*** Supplied entries
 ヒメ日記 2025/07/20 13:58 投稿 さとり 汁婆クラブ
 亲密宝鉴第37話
******
*** Supplied entries
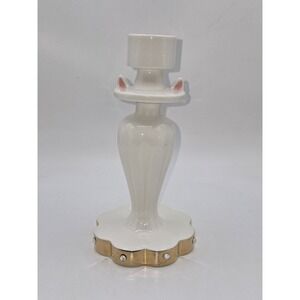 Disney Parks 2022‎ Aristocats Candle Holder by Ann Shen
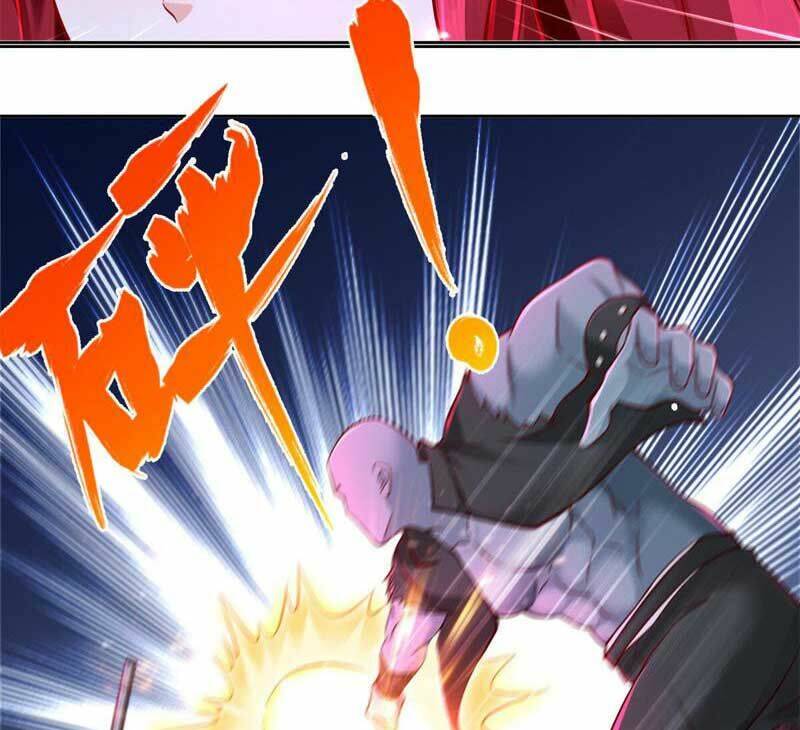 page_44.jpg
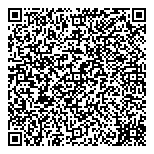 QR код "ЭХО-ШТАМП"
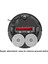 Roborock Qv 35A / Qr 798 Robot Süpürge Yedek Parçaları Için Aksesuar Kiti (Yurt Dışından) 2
******
**Your objective:**
Copy only these lines from the records above, exactly: the one with "page_44.jpg", the one with "Roborock Qv 35A", and those between. Skip the pictures.

**Response to the task:**
 page_44.jpg
 QR код "ЭХО-ШТАМП"
 Roborock Qv 35A / Qr 798 Robot Süpürge Yedek Parçaları Için Aksesuar Kiti (Yurt Dışından) 2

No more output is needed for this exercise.